## EXERCISE DIRECTIONS
The required output is the exact run of lines below that opens at the line with "John Deere 9770 STS Pack v2 LS2013" and closes at the line with "Tapa de Paws in His Presence".

## EXERCISE INPUT
━━━━━━━━

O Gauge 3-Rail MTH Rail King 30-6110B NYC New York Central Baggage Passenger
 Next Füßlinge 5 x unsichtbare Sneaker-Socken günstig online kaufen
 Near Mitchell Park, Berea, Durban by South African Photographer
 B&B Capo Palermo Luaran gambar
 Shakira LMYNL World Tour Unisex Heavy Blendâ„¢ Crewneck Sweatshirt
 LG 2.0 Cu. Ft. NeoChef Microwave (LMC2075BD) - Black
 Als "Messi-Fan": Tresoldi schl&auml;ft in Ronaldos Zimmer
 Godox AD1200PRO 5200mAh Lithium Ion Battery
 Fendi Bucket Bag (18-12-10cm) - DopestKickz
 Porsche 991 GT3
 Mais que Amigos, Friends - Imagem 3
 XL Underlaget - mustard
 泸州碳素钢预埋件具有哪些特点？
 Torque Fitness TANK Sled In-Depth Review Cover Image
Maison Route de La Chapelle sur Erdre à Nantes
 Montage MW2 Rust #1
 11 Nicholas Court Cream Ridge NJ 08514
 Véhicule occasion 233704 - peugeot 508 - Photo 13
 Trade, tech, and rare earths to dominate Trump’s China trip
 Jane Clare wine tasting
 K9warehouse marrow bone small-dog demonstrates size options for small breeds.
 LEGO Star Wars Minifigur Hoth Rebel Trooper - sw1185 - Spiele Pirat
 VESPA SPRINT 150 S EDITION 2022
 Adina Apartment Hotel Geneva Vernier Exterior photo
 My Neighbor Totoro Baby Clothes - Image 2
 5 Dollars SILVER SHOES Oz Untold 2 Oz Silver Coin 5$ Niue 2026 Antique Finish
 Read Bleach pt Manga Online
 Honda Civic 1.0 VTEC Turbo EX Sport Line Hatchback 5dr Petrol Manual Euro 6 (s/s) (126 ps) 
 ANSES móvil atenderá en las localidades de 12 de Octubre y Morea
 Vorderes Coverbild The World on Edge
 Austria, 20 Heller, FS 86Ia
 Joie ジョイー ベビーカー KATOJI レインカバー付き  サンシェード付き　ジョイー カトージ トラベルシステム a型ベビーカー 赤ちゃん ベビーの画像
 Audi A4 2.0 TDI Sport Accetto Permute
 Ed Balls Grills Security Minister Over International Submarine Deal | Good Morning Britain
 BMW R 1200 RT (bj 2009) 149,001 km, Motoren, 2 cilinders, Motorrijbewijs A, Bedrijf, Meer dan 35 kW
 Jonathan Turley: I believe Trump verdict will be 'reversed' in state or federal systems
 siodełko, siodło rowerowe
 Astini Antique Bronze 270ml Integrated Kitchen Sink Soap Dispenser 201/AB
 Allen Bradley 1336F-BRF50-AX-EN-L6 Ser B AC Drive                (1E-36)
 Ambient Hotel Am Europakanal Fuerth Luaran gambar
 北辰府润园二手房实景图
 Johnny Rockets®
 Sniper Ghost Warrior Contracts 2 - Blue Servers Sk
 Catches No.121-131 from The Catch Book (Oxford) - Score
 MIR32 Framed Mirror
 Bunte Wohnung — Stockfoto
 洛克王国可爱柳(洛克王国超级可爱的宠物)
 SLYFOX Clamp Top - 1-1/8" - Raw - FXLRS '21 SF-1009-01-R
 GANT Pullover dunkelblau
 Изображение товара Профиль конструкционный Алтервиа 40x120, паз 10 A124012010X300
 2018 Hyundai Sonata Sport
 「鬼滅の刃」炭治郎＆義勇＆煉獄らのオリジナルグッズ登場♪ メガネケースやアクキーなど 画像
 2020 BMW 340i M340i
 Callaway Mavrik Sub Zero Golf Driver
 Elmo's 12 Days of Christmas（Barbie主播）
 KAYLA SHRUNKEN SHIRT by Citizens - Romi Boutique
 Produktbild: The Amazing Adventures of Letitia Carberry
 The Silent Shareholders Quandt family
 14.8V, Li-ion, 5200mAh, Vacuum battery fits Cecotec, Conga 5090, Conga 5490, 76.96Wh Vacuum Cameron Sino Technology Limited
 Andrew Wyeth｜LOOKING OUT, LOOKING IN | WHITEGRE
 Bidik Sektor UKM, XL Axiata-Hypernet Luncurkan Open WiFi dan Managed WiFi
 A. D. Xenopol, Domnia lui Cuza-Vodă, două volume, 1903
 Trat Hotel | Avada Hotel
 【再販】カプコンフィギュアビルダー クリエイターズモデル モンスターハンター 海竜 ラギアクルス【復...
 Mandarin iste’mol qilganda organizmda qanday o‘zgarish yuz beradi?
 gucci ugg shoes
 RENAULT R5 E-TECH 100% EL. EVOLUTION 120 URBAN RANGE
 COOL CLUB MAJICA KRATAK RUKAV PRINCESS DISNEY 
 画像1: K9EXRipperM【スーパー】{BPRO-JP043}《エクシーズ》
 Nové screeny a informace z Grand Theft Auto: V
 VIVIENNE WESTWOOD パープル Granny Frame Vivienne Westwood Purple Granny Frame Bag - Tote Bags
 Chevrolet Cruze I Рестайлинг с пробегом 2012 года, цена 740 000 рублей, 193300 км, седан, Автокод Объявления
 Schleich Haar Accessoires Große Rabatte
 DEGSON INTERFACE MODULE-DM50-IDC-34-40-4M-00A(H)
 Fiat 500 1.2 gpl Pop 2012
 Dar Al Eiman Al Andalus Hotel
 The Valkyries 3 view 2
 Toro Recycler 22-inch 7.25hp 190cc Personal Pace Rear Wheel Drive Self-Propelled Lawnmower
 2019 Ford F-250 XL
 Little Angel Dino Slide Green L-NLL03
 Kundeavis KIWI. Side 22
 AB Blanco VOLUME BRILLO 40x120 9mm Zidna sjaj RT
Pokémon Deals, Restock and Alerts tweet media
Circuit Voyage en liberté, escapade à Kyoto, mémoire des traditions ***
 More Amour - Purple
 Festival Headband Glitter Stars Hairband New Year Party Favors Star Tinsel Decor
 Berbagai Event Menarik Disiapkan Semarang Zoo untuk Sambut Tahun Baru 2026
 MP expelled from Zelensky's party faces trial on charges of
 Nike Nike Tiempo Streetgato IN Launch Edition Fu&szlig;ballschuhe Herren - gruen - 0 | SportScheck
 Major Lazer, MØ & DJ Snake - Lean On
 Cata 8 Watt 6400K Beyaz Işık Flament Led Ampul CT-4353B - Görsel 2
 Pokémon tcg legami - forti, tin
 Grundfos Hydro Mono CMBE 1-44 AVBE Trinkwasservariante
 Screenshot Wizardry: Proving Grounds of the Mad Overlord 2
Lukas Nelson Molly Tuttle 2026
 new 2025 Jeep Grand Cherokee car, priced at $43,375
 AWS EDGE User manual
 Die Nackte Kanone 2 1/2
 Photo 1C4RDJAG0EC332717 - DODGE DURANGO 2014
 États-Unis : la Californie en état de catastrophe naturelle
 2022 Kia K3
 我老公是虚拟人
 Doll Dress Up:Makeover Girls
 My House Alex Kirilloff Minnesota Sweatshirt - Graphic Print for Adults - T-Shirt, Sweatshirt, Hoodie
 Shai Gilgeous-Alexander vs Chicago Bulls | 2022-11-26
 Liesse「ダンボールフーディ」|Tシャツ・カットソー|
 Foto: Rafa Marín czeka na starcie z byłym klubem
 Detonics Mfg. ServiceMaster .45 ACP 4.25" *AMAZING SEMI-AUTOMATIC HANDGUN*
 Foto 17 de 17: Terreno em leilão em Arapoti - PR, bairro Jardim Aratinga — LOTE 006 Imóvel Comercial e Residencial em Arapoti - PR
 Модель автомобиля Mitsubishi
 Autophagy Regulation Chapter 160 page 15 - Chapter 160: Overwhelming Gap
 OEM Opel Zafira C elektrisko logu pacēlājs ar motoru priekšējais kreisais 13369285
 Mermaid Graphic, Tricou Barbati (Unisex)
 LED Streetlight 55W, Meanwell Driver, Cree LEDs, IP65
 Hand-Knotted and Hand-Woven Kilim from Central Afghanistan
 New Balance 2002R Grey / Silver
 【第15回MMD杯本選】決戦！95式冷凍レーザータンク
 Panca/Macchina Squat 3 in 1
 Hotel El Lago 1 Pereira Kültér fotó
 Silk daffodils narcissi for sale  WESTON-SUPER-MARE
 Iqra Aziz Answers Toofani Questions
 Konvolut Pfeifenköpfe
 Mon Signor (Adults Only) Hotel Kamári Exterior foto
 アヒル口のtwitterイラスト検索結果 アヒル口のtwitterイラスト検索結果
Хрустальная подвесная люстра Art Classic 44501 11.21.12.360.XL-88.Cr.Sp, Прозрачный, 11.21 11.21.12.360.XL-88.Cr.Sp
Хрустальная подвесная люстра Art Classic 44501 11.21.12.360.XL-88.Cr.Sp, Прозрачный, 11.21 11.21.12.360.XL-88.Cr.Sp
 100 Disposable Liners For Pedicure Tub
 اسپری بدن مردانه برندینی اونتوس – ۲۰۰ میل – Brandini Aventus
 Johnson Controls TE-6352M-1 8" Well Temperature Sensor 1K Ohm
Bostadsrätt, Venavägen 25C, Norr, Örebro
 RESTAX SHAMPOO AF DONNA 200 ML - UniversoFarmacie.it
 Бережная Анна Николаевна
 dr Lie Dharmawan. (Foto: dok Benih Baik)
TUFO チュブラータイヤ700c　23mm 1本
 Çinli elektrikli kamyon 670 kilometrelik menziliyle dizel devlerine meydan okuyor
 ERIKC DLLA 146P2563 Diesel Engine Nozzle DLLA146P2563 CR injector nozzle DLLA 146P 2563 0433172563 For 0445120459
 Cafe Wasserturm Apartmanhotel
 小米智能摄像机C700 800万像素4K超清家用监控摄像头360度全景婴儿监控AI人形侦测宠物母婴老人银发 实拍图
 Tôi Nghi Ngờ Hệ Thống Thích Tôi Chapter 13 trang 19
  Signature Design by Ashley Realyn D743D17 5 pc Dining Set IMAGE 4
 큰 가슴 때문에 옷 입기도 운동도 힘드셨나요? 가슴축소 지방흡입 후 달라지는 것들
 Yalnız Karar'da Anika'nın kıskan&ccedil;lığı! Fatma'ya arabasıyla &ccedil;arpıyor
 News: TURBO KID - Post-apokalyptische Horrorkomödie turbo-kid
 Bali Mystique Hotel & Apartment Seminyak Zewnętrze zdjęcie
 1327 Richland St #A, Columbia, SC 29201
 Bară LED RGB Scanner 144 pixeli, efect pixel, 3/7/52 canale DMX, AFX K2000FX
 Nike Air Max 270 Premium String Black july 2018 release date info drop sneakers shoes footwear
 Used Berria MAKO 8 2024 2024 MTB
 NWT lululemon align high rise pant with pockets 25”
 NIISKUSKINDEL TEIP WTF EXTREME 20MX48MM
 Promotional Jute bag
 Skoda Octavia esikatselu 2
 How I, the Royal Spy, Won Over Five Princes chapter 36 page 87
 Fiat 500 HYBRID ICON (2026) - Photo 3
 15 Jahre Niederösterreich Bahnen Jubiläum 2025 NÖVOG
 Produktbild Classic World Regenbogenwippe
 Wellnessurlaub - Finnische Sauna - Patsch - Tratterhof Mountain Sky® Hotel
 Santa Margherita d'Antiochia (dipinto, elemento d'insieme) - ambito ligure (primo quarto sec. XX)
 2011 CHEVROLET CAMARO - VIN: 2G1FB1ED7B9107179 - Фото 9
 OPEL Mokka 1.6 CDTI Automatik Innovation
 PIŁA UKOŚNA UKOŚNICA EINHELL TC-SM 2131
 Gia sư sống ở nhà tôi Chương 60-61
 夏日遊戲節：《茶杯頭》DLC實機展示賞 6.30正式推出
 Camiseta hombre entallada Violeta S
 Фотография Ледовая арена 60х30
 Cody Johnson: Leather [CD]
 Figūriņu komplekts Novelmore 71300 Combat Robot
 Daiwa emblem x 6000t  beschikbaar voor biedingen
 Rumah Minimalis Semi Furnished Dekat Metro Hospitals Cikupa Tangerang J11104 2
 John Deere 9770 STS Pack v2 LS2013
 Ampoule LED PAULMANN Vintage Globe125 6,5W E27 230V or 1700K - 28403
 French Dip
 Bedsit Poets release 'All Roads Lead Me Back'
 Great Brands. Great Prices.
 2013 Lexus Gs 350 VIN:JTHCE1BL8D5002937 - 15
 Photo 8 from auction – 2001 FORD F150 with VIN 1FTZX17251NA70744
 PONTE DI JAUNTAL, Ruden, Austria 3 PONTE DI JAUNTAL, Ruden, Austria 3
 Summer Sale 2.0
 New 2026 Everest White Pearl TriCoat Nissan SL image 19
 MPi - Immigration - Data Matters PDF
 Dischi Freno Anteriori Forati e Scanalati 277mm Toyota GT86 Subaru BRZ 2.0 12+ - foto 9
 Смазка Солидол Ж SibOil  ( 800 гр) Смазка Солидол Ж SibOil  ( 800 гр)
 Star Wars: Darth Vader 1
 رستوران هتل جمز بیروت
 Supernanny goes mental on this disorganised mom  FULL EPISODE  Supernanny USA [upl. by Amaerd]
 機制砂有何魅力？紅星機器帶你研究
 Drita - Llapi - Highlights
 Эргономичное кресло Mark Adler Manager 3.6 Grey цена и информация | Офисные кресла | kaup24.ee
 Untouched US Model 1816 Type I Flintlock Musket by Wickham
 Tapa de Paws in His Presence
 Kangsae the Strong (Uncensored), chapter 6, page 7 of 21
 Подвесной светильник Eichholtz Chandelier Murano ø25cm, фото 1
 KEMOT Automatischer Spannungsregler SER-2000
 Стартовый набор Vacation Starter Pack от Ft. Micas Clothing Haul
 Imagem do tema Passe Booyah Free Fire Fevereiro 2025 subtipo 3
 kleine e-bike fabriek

━━━━━━━━

## THE ANSWER
 John Deere 9770 STS Pack v2 LS2013
 Ampoule LED PAULMANN Vintage Globe125 6,5W E27 230V or 1700K - 28403
 French Dip
 Bedsit Poets release 'All Roads Lead Me Back'
 Great Brands. Great Prices.
 2013 Lexus Gs 350 VIN:JTHCE1BL8D5002937 - 15
 Photo 8 from auction – 2001 FORD F150 with VIN 1FTZX17251NA70744
 PONTE DI JAUNTAL, Ruden, Austria 3 PONTE DI JAUNTAL, Ruden, Austria 3
 Summer Sale 2.0
 New 2026 Everest White Pearl TriCoat Nissan SL image 19
 MPi - Immigration - Data Matters PDF
 Dischi Freno Anteriori Forati e Scanalati 277mm Toyota GT86 Subaru BRZ 2.0 12+ - foto 9
 Смазка Солидол Ж SibOil  ( 800 гр) Смазка Солидол Ж SibOil  ( 800 гр)
 Star Wars: Darth Vader 1
 رستوران هتل جمز بیروت
 Supernanny goes mental on this disorganised mom  FULL EPISODE  Supernanny USA [upl. by Amaerd]
 機制砂有何魅力？紅星機器帶你研究
 Drita - Llapi - Highlights
 Эргономичное кресло Mark Adler Manager 3.6 Grey цена и информация | Офисные кресла | kaup24.ee
 Untouched US Model 1816 Type I Flintlock Musket by Wickham
 Tapa de Paws in His Presence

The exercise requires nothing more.